Можно представить себе, как Станиславский читал присланное ему Судаковым. Вряд ли была приятна осведомленность пишущего в том, что составляло интимную, домашнюю, непубличную сторону МХТ. Вряд ли был приятен размеренный тон, в котором без пропусков излагались вещи, в общем-то, унизительные для читающего: ученики его один за другим избегают предлагаемого союза. Первая студия отказывается прямо, в убеждении: «оставаясь самостоятельной и идя своей особой дорогой, она лучше сможет послужить общему делу МХТ. Владимир Иванович принял это». И ответить по принципу — «была бы честь предложена!» — нет возможности. Не с одними же спектаклями, измотанными в двухлетних гастролях и измотавшими их участников, начинать сезон в Москве; надо хотя бы освежить «Ревизора» и возобновить «Горе от ума» (спектакли, в гастролях {258} не участвовавшие). По плану Немировича надо еще приготовить новую редакцию «Драмы жизни». То есть нужны актерские силы.

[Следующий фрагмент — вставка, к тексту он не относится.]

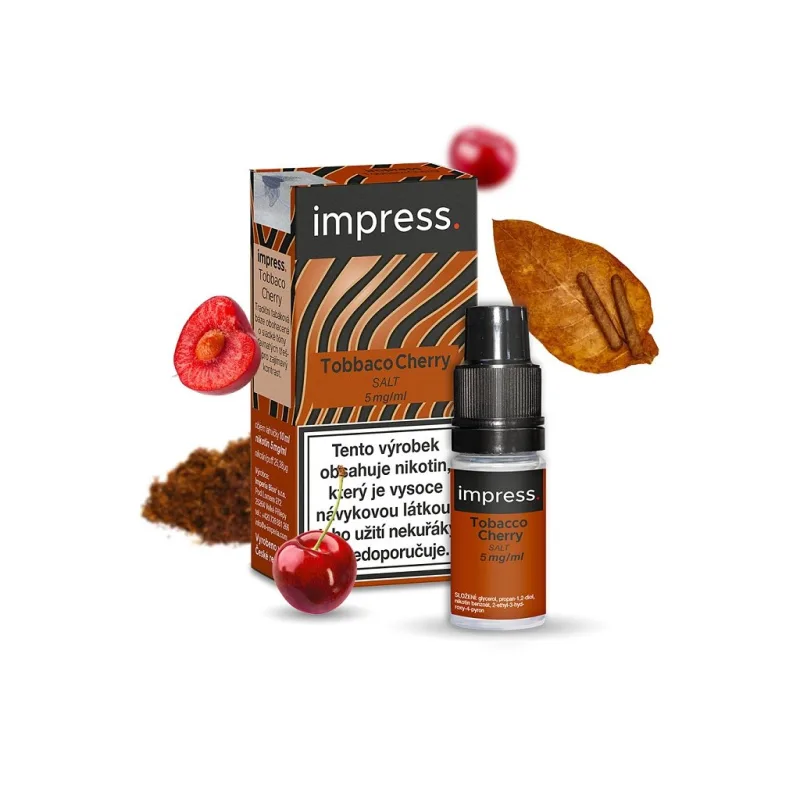 Impress Salt Tobacco Cherry 10ml 5mg  Tabák s třešní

«Для осуществления указанной программы в Москве Владимир Иванович организовал “Компанию артистической помощи МХТ”, как написал он Вам в телеграмме, из лучших сил Второй и Третьей студий [эта телеграмма неизвестна. — И. С. ]. Собралась таковая компания в числе 10 человек по выбору Владимира Ивановича. Владимир Иванович призвал этих лиц к строительству МХТ». Тем же липким слогом — про то, как из «Компании артистической помощи МХТ» ничего не вышло: у всех сыскались занятия им более важные. Тут же — в противоположность эгоизму остальных — о собственной и своих со-студийцев самоотреченности («задача настолько грандиозна, что мы только в том случае смеем подойти к ее исполнению, если действительно отдадим все силы, всю любовь, все увлечение этой задаче…»). И под конец: «Владимир Иванович получил заявление от общего собрания Второй студии, что она сама ликвидирует себя и предоставляет в распоряжение Театра все свои живые силы».
Представив своих товарищей людьми безоглядно верными, Судаков описывал двойную игру Третьей студии: она и с МХАТом не спешит рвать, и тайно ориентируется на Мейерхольда. Информация о переговорах с Мейерхольдом была верной, и что эти переговоры скрывали от Немировича, тоже правда.
В тот же заграничный адрес Станиславского кроме доклада Судакова пришло обращение вахтанговских учеников и сопровождающие это обращение материалы (копия письма наркома Луначарского к Третьей студии, копия многостраничного ответного письма студийцев наркому). Обращение к К. С. 25 июня 1924 года подписали Б. Захава, А. Орочко, Л. Русланов, О. Глазунов, Р. Симонов, Б. Щукин, О. Басов. Подписавшие предлагали Третью студию как единственно возможную территорию {259} сотрудничества двух величайших художников театра; объявляли себя свидетелями их давней — с 1920 года — взаимной тяги к такому сотрудничеству и именно на вахтанговской почве; видели свою миссию в том, чтобы совершилась знаменательная встреча.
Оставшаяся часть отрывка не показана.